Mark Wood is in no mood to mention the “R” word. In fact, his jovial mood is almost cut dead by reference to the England management’s talk of him being rested at some stage during this Ashes summer to protect his injury-prone body.
“I definitely don’t want to miss games for England,” he says emphatically. “I have had a good rest. We have got some good fast-bowling stocks, and say the next one to come in took five wickets, then I am out of the team and can’t get back in.
“Being rested then looks pretty stupid. I wouldn’t want to give anyone else an opportunity. I want to cement that spot.”
The subject is a sensitive one for Wood, 25, precisely because he knows that England, aware that the Durham fast-bowler has never before played more than three successive first-class games, may decide to leave him out of either the Third Test against Australia at Edgbaston, which starts on Wednesday, or the one that follows at Trent Bridge.
Just four Tests into his international career, Wood already looks like a bowler worth managing carefully, injuries restricting him to just 24 first-class matches before he made his Test debut this summer.

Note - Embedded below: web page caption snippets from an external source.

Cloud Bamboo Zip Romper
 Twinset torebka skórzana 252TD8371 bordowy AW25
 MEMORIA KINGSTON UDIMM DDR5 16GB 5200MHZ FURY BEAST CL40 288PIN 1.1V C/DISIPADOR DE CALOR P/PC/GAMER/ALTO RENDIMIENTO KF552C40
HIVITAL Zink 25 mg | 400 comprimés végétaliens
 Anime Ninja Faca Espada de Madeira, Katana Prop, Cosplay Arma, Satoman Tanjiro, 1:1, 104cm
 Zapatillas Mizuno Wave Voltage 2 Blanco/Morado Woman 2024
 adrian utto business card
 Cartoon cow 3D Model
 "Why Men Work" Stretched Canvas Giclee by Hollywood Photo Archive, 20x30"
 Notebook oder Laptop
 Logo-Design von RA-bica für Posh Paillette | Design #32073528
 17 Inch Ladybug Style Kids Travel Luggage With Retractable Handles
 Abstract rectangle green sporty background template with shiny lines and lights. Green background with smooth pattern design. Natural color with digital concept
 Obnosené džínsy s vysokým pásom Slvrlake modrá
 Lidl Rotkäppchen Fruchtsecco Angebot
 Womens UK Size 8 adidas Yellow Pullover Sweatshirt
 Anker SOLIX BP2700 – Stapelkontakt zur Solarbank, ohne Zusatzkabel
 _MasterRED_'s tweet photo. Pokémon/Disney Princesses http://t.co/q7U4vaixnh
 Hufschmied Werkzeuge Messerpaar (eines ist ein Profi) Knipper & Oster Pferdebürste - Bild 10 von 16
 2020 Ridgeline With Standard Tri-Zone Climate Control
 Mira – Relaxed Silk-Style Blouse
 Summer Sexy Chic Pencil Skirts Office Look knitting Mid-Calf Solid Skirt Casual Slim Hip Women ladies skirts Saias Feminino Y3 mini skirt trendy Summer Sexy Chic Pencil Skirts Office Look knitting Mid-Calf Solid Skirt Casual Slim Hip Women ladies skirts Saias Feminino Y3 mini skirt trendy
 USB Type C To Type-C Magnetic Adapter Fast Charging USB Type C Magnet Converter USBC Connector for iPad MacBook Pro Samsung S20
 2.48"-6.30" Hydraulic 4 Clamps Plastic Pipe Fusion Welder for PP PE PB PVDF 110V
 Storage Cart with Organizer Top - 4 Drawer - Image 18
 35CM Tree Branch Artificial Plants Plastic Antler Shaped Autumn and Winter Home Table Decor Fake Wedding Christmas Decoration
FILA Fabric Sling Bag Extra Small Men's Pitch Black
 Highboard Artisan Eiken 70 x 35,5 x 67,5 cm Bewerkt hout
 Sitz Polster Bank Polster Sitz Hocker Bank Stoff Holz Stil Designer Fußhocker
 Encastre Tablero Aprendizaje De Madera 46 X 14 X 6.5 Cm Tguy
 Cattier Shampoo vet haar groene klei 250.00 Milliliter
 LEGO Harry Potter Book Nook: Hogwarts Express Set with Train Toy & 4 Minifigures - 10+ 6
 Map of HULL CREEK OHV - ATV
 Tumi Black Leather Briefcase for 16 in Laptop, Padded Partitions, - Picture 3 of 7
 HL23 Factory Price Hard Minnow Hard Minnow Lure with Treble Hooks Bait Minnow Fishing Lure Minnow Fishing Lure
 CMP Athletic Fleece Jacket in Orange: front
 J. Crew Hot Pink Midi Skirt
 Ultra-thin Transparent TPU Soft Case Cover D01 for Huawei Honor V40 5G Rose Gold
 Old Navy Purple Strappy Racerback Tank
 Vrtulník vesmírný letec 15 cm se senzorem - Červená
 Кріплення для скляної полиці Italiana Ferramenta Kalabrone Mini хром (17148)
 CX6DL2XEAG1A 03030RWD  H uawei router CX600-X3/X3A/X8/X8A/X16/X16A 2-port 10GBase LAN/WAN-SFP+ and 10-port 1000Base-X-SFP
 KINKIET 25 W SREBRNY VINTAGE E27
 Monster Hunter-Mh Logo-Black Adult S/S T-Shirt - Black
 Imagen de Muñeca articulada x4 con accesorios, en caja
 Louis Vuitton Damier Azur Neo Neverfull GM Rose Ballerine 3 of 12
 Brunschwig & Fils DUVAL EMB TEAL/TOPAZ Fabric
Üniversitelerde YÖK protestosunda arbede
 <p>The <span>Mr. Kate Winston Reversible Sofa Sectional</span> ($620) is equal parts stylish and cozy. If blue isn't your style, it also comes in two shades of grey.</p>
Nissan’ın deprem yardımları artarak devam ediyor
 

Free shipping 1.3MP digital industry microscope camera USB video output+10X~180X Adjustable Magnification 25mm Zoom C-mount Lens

His performance in that Ashes opener at Cardiff, where his four wickets did not truly reflect the quality of his bowling, was an indication of just how good he can be.
England won that match by 169 runs, but received a brutal reality check a week later at Lord’s, losing by 405 runs in what represented their heaviest Ashes defeat since 1948.
Of England’s bowlers, Wood in particular struggled on a flat pitch, his pace markedly down, and there was talk that back-to-back Tests had taken their toll on his suspect body.
His whippy action is reminiscent of Simon Jones, and England know they have a responsibility to ensure Wood does not suffer the same fate as the 2005 Ashes winner, whose body gave out just 18 Tests into what could have been a great international career.
Wood, fresh from a week’s rest at home in the North-east, is not thinking about next month or next year, but focusing on the here and now.
“The management have asked me how my body is and how I feel, not [saying], ‘You are going to be rested’,” he says. “It was noticed my pace is down at times when it is a flat pitch and you don’t want to concede runs, so you bowl within yourself. I was consciously bowling within myself at Lord’s but I was down on pace.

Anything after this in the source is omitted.